April 18, 2026

Africa’s first organisational culture summit delivers bold new voices

4 min read

More than 200 executives, HR leaders and culture practitioners gathered this week at the Houghton Hotel for Culture Summit Africa 2025 the first event of its kind on the continent dedicated purely to organisational culture, created by Johannesburg-based Happy Sandpit.

Day 1 recap

The opening day delivered numbers and candid insights that proved culture is measurable. Ocean Basket simplified a 54-page onboarding manual into one page for its 3,500 employees. Nando’s reported that 98 percent of its appointments are internal promotions and employees save R24 million annually through its savings scheme, while also openly sharing the reality of a 29 percent turnover rate. iTOO Special Risks revealed that 70 percent of engagement is shaped by leadership, with staff giving a 4.99 out of 5 rating. South African Airways reminded delegates that it is one of just 15 percent of companies worldwide to emerge successfully from business rescue. Rio Tinto Richards Bay Minerals reported a three percent lift in employee satisfaction through its Everyday Respect programme and the highest female leadership representation in South African mining.

Day 2 highlights

Constance Hotels & Resorts, Mauritius opened the programme with a message about belonging in hospitality. “True luxury is not infinity pools or champagne. It is when guests feel they belong, and that only happens when your people live the culture.”

Capricorn Group, Namibia emphasised the need for humility in culture renewal. “Relevance is humility in action. You have to retire legacy practices that no longer serve your people, even if they worked in the past.”

National Social Security Fund, Uganda shared how rituals embed culture into daily life. “Rituals are the most contagious form of culture. If your everyday practices do not mirror your values, they are working against you.”

KFC Africa reminded delegates that culture is not delivered from the top down. “Employees were not just recipients. They became owners of change. There is no such thing as a culture consumer. Everyone must be a culture champion.”

The Capital Hotels, Apartments & Resorts demonstrated how culture creates consistency across a fast-growing hospitality brand, focusing on how values guide service and leadership behaviours.

Telesure Investment Holdings unpacked how culture and leadership must evolve together to keep pace with organisational transformation.

DHL Express framed logistics as a mission of connection. “We are not a courier company. We connect people and improve lives, whether it is shipping life-saving vaccines or a gift from a grandparent to a grandchild.” Leaders also emphasised that every manager is required to deliver training, showing that culture is something lived, not just written.

Too Many Robots illustrated how digital storytelling and design can reinforce cultural identity inside organisations, highlighting that creative tools are powerful for engagement.

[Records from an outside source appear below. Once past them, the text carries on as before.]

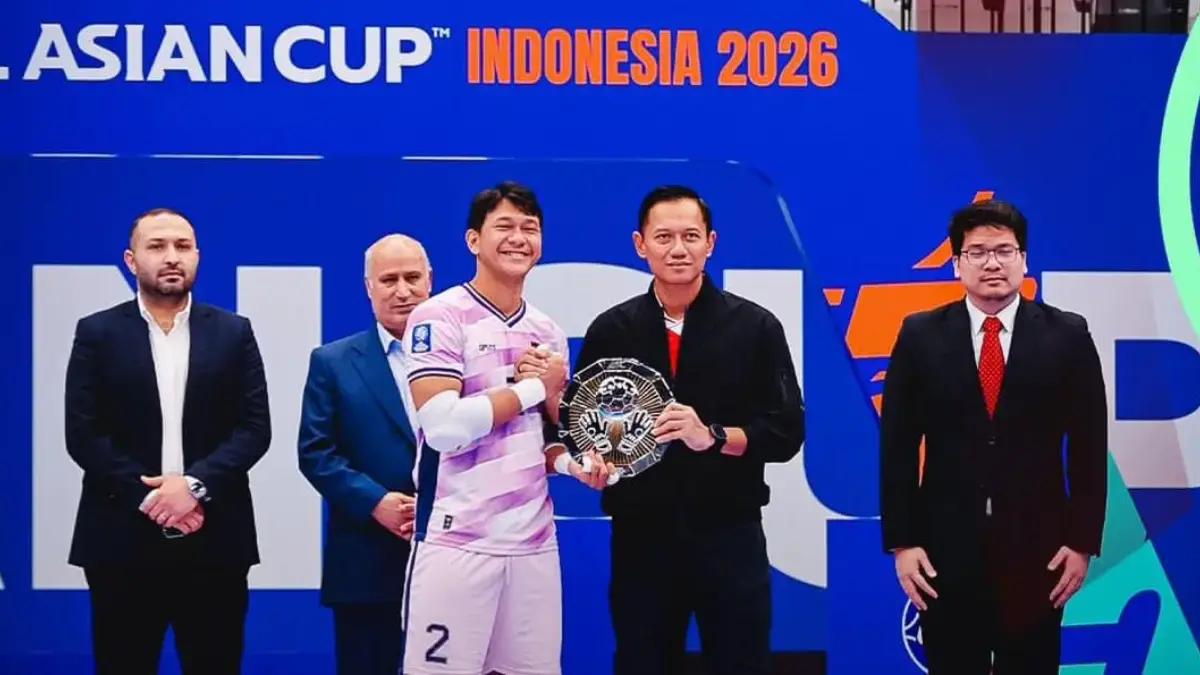 Ahmad Habibie saat mendapatkan kiper terbaik di AFC Asian Cup 2026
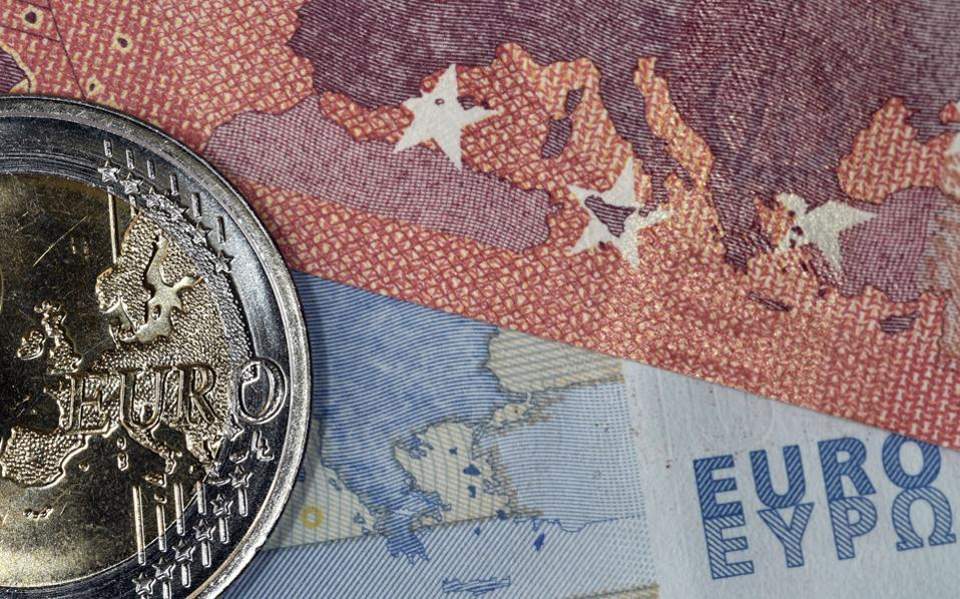 Αυξάνονται, αντί να μειώνονται, οι οφειλές του κράτους προς ιδιώτες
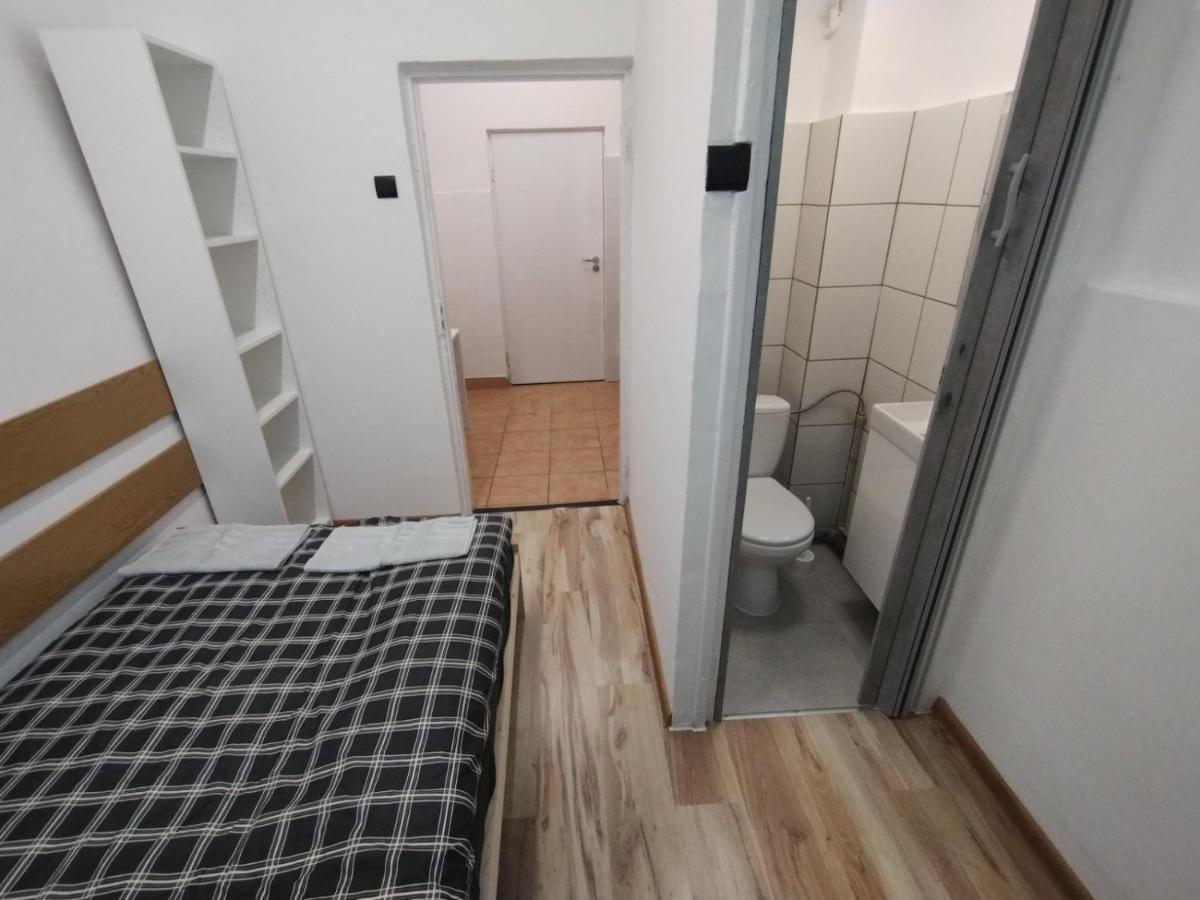 Vasylok Hostel วอร์ซอ ภายนอก รูปภาพ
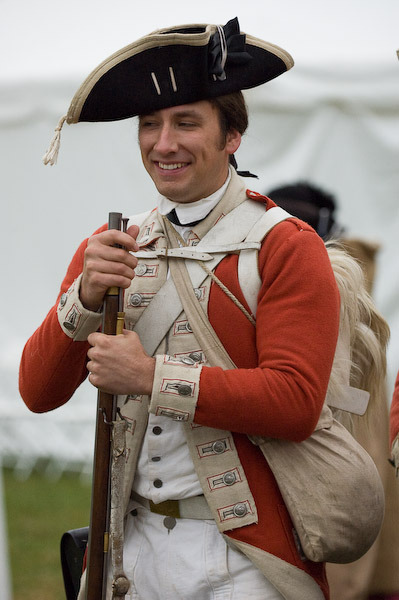 18thcenturylove:18th c. Uniforms on Re-enactors! :D1.) (via dailyreenactor)2.) Washington and Genera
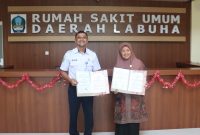 Dok: Perjanjian Kerja Sama (PKS) antara Kepala Stasiun Meteorologi Kelas III Oesman Sadik, Ben Arther Molle, S.Tr., M.Si, dan Direktur RSUD Labuha, Dr. Titin Andriyanti
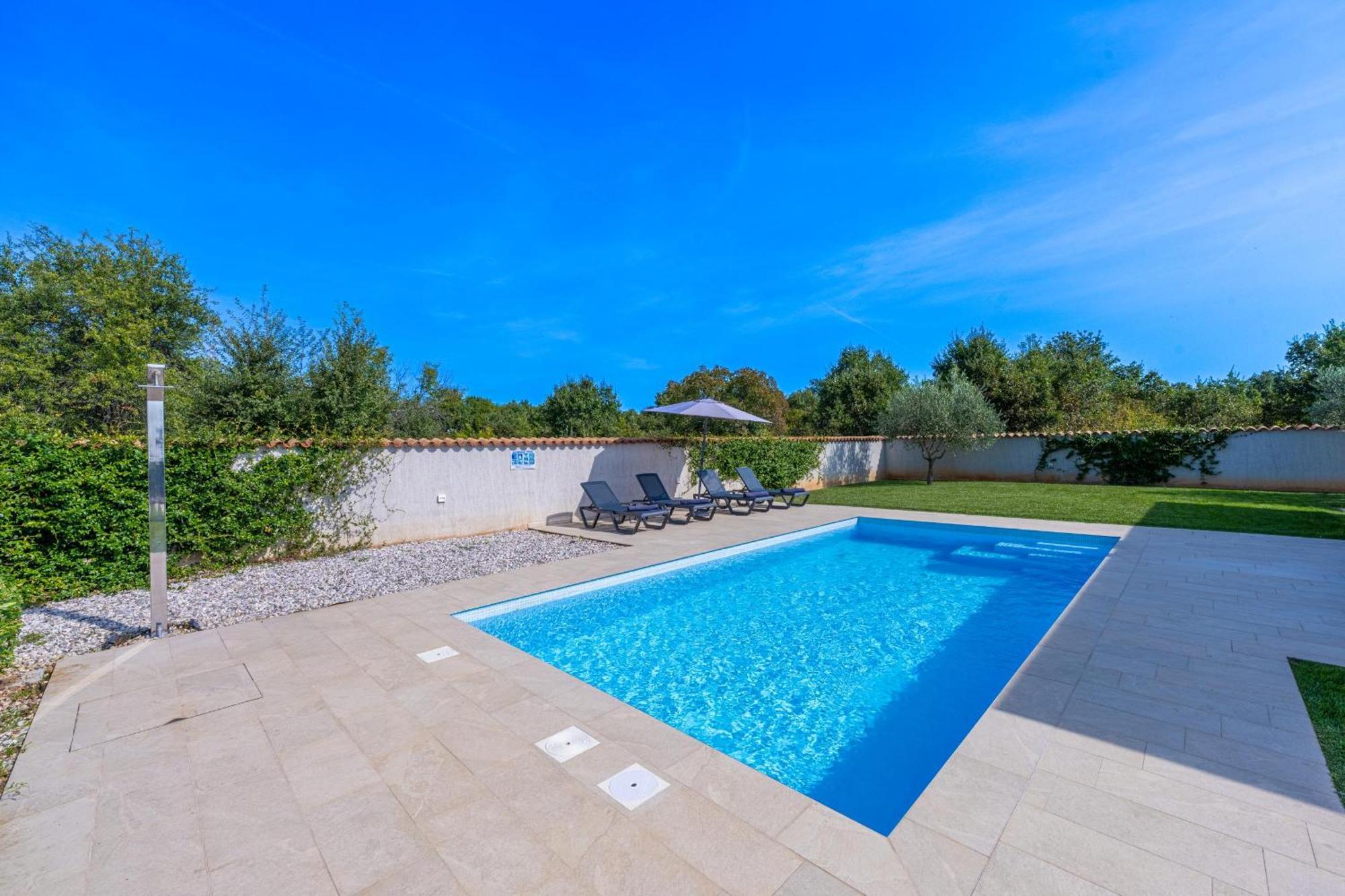 Holiday House Evida Porec Exterior photo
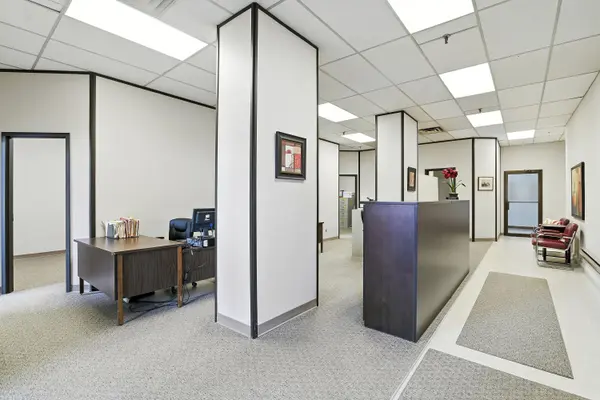 50 Richmond ST E #101, Oshawa, ON L1G 7C9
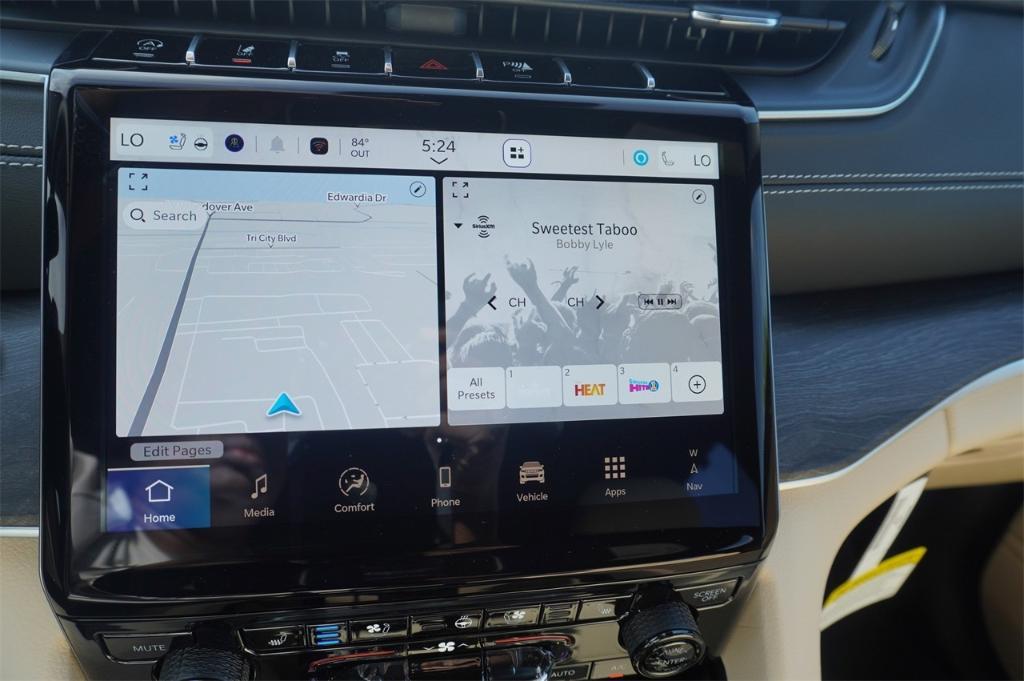 new 2025 Jeep Grand Cherokee car, priced at $55,660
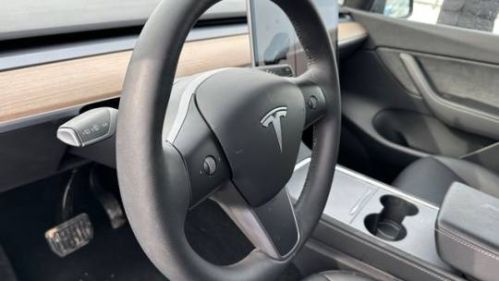 2022 Tesla Model Y 7SAYGDEE4NF376805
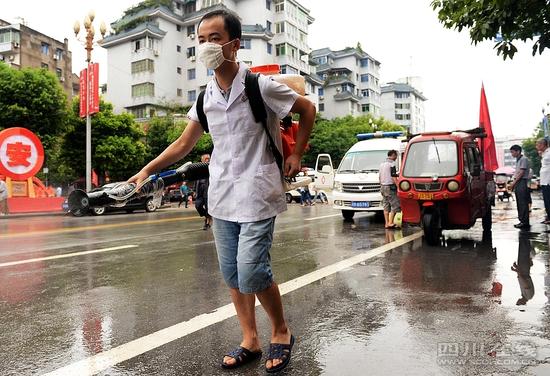 广安清淤过后进行“拉网式”消毒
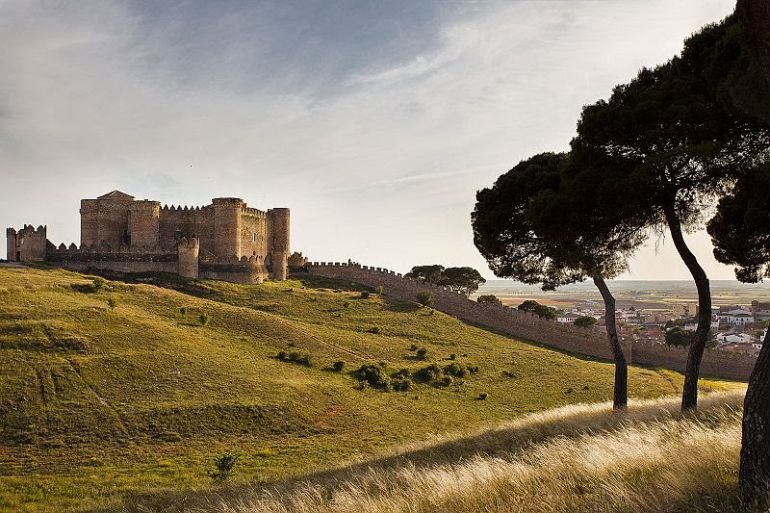 El Castillo de Belmonte incorpora el mayor parque histórico de máquinas de asedio del mundo El Castillo de Belmonte incorpora el mayor parque histórico de máquinas de asedio del mundo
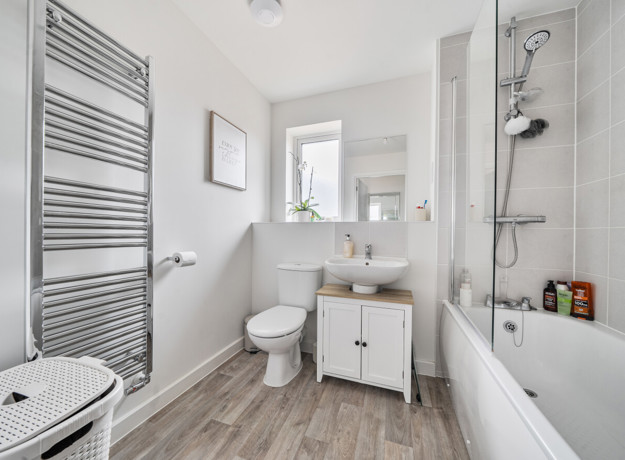 1409262 6 6984B67260b40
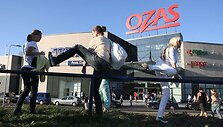 Ketvirtadienio vakarą vilniečiams ir miesto svečiams duris atvėrė naujas prekybos ir pramogų centras &bdquo;Ozas&ldquo;.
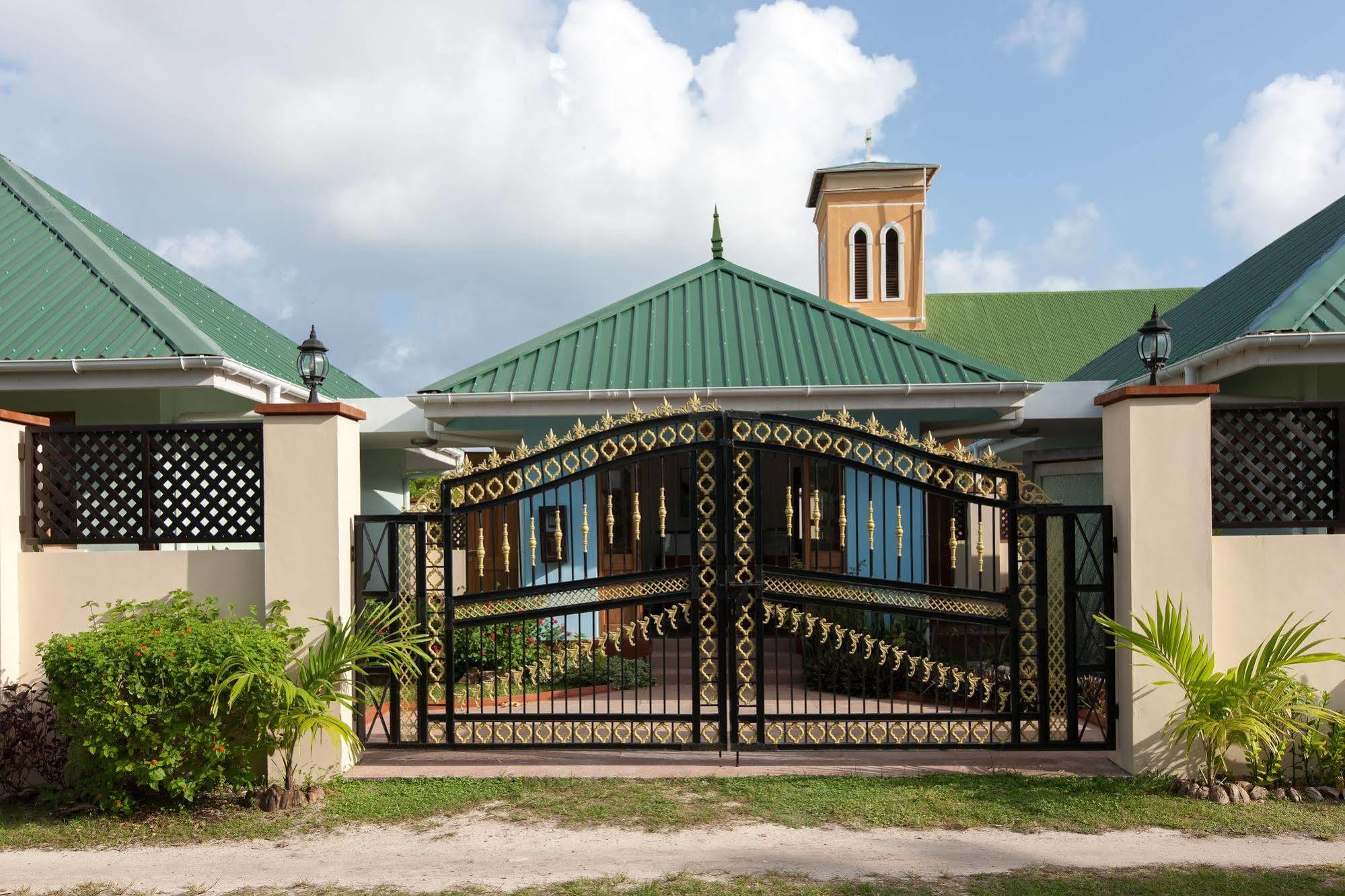 Le Relax Self Catering Apartment La Digue Exterior foto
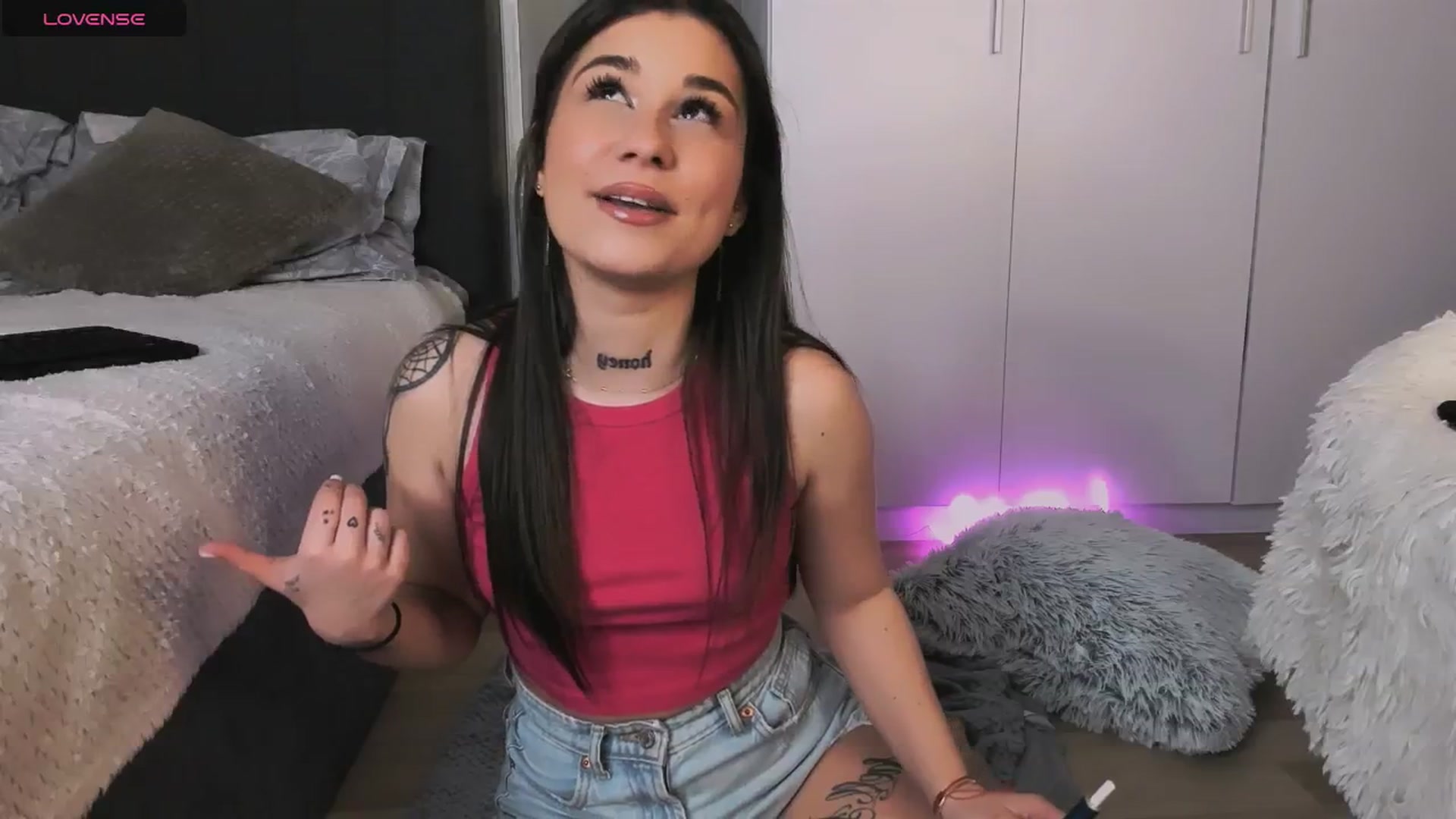 Gallery image thumbnail from IrisReynolds's myfreecams stream on, 03/23/2026, 14:35 image 3 of 20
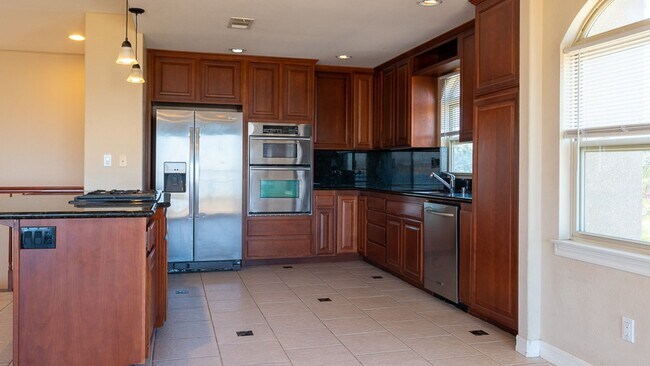 Building Photo - Huge Bay Front 3 Bed 2.5 Bath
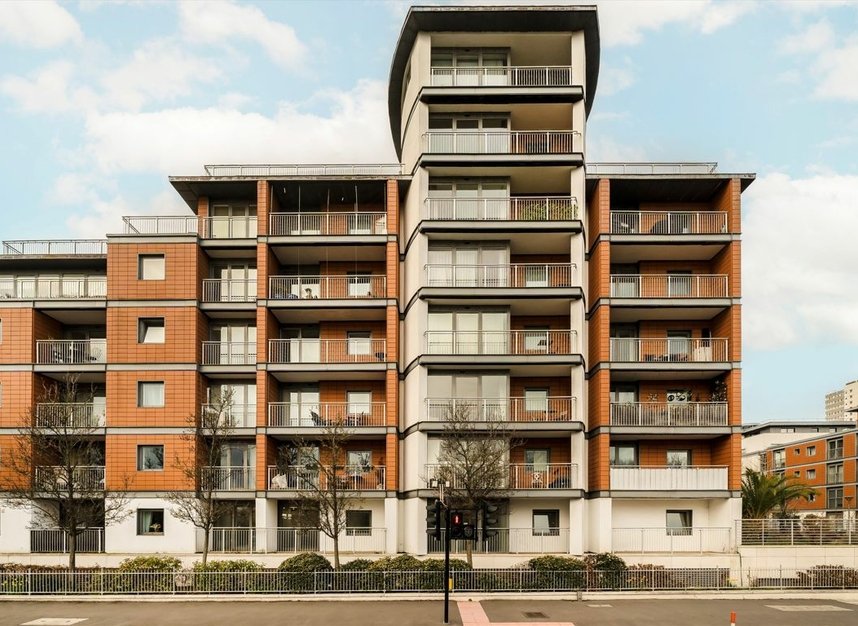 Properties to let in Holland Gardens - TW8 0BE view1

The Black Mambas, South Africa’s first all-female anti-poaching unit, closed the Summit with an unforgettable keynote. “We want to change the stereotype that women cannot protect wildlife. Our culture is teamwork, courage and belonging. Education is the most powerful weapon to change the world.”

The bigger picture

Across both days, Culture Summit Africa demonstrated that culture is not a side issue but the foundation of organisational performance. Whether through onboarding, leadership behaviour, rituals, employee experience or conservation practices, companies across Africa are showing that culture drives loyalty, engagement and resilience.

What’s next

The Summit will return to Johannesburg on 9 and 10 June 2026, followed by its first Nairobi edition on 7 and 8 October 2026, underscoring the growing appetite for culture-first leadership across the continent.